PartNumb,InStock,PrGroup
"A-X-1230",Y,103
"B-DD-1231",Y,103
Where; column delimiter
= ,
and string enclosure
= "
Data I need: Column index 0
(PartNumb) and Column index 1
(InStock)
SupplierSku,CatIds,StockStatus,Active
%ADA-BB-124%|4,5,1|%AV%|1
%XAS-E4-S11%|97,41,65|%OS%|0
Where; column delimiter
= |
and string enclosure
= %
Data I need: Column index 0
(SupplierSku) and Column index 2
(StockStatus)
So given the above, what is the best way to use the CsvHelper
library to parse arbitrary csv files (where column delimiter
, string enclosure
and column indexes
are known)? I also need the option to skip first row on csv (sometimes csv contains header row and sometimes they dont).
Upvotes: 2
Views: 11932
Reputation: 8588
There was a package upgrade and the new syntax is now:
using (var reader = new StreamReader("./myfile.csv", Encoding.UTF8))
using (var csv = new CsvReader(reader, new CsvConfiguration(CultureInfo.InvariantCulture, delimiter: ";", encoding: Encoding.UTF8)))
{
//do something with csv
}
As pointed out in the comments and seemingly already migrated in my codebase new syntax is
using (var reader = new StreamReader("./myfile.csv", Encoding.UTF8))
using (var csv = new CsvReader(reader, new CsvConfiguration(CultureInfo.InvariantCulture) { Delimiter = ";", Encoding = Encoding.UTF8 }))
{
//do something with csv
}
Upvotes: 5
Reputation: 536
CsvReader csv = new CsvReader(new StreamReader(stream), true, ';')
Configuration.Delimiter it is not working any more, now you have to pass the delimiter as a param in the CsvReader initialization
Upvotes: 0
Reputation: 30464
The answer depends on what you want:
If you don't know which delimiters are allowed, you are in trouble: Is 'A'a delimiter?

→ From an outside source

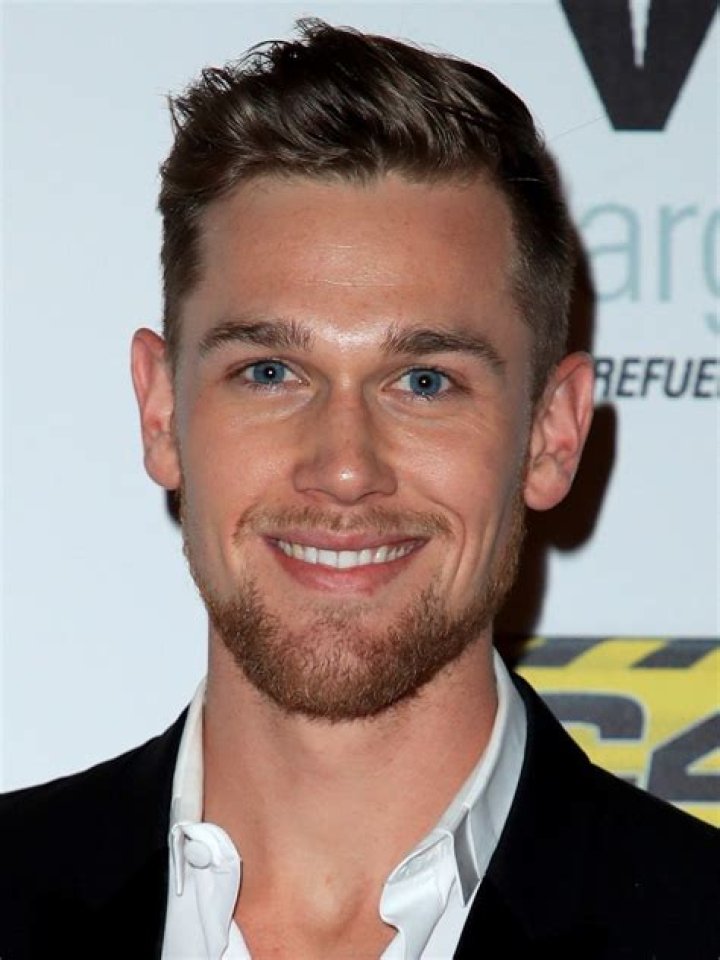 Taylor John Smith Biography, Age, Height, Net Worth, Family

Is 'B' a delimiter?. Let's assume there is a set of characters that you think are suitable as delimiters for the actual CSV stream you are going to parse.
You can do this using String.Replace(char, char) for each accepted delimiter, or use a regular expression
If you only need certain columns, create a map where you tell the CsvHelper which column must be mapped to which destination.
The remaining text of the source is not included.